Obama doesn’t want to look back, but Attorney General Eric Holder may probe Bush-era torture anyway.

By Daniel Klaidman | NEWSWEEK
Published Jul 11, 2009
From the magazine issue dated Jul 20, 2009

It’s the morning after Independence Day, and Eric Holder Jr. is feeling the weight of history. The night before, he’d stood on the roof of the White House alongside the president of the United States, leaning over a railing to watch fireworks burst over the Mall, the monuments to Lincoln and Washington aglow at either end. “I was so struck by the fact that for the first time in history an African-American was presiding over this celebration of what our nation is all about,” he says. Now, sitting at his kitchen table in jeans and a gray polo shirt, as his 11-year-old son, Buddy, dashes in and out of the room, Holder is reflecting on his own role. He doesn’t dwell on the fact that he’s the country’s first black attorney general. He is focused instead on the tension that the best of his predecessors have confronted: how does one faithfully serve both the law and the president?
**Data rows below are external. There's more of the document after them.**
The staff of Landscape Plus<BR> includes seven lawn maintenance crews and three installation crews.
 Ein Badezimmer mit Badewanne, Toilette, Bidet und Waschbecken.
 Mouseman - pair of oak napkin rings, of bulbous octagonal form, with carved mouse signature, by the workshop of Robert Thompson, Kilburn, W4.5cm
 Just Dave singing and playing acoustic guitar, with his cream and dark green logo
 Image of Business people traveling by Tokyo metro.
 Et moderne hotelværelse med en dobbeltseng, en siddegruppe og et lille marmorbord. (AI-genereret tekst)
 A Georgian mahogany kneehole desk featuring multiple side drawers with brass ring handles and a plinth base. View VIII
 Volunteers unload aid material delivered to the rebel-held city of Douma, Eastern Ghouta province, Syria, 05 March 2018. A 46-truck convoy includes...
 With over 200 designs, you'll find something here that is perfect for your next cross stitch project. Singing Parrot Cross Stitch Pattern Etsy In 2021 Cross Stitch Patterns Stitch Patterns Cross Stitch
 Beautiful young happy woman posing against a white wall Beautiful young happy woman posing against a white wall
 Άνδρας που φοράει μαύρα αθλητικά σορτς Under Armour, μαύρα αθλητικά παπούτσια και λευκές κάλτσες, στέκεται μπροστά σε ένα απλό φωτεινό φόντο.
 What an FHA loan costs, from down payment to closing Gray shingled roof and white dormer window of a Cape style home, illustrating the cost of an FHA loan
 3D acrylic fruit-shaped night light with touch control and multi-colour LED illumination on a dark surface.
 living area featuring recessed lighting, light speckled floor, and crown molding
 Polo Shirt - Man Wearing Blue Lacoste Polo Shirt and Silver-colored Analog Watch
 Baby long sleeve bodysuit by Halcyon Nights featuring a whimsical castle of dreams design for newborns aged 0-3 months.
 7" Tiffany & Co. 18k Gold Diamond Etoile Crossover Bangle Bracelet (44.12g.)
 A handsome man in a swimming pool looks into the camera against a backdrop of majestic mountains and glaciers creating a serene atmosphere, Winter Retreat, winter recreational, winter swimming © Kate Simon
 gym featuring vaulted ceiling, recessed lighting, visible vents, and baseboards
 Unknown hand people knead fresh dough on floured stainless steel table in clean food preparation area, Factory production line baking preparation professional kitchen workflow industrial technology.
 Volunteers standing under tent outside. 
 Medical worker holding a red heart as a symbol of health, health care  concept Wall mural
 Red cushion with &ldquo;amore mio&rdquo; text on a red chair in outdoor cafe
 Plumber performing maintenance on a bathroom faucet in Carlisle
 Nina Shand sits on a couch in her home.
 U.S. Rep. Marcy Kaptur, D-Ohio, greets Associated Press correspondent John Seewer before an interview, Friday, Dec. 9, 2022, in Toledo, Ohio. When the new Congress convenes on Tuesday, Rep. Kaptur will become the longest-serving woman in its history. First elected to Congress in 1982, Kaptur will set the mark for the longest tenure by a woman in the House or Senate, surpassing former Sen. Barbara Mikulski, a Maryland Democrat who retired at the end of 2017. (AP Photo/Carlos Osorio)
Alone among cabinet officers, attorneys general are partisan appointees expected to rise above partisanship. All struggle to find a happy medium between loyalty and independence. Few succeed. At one extreme looms Alberto Gonzales, who allowed the Justice Department to be run like Tammany Hall. At the other is Janet Reno, whose righteousness and folksy eccentricities marginalized her within the Clinton administration. Lean too far one way and you corrupt the office, too far the other way and you render yourself impotent. Mindful of history, Holder is trying to get the balance right. “You have the responsibility of enforcing the nation’s laws, and you have to be seen as neutral, detached, and nonpartisan in that effort,” Holder says. “But the reality of being A.G. is that I’m also part of the president’s team. I want the president to succeed; I campaigned for him. I share his world view and values.”

These are not just the philosophical musings of a new attorney general. Holder, 58, may be on the verge of asserting his independence in a profound way. Four knowledgeable sources tell NEWSWEEK that he is now leaning toward appointing a prosecutor to investigate the Bush administration’s brutal interrogation practices, something the president has been reluctant to do. While no final decision has been made, an announcement could come in a matter of weeks, say these sources, who decline to be identified discussing a sensitive law-enforcement matter. Such a decision would roil the country, would likely plunge Washington into a new round of partisan warfare, and could even imperil Obama’s domestic priorities, including health care and energy reform. Holder knows all this, and he has been wrestling with the question for months. “I hope that whatever decision I make would not have a negative impact on the president’s agenda,” he says. “But that can’t be a part of my decision.”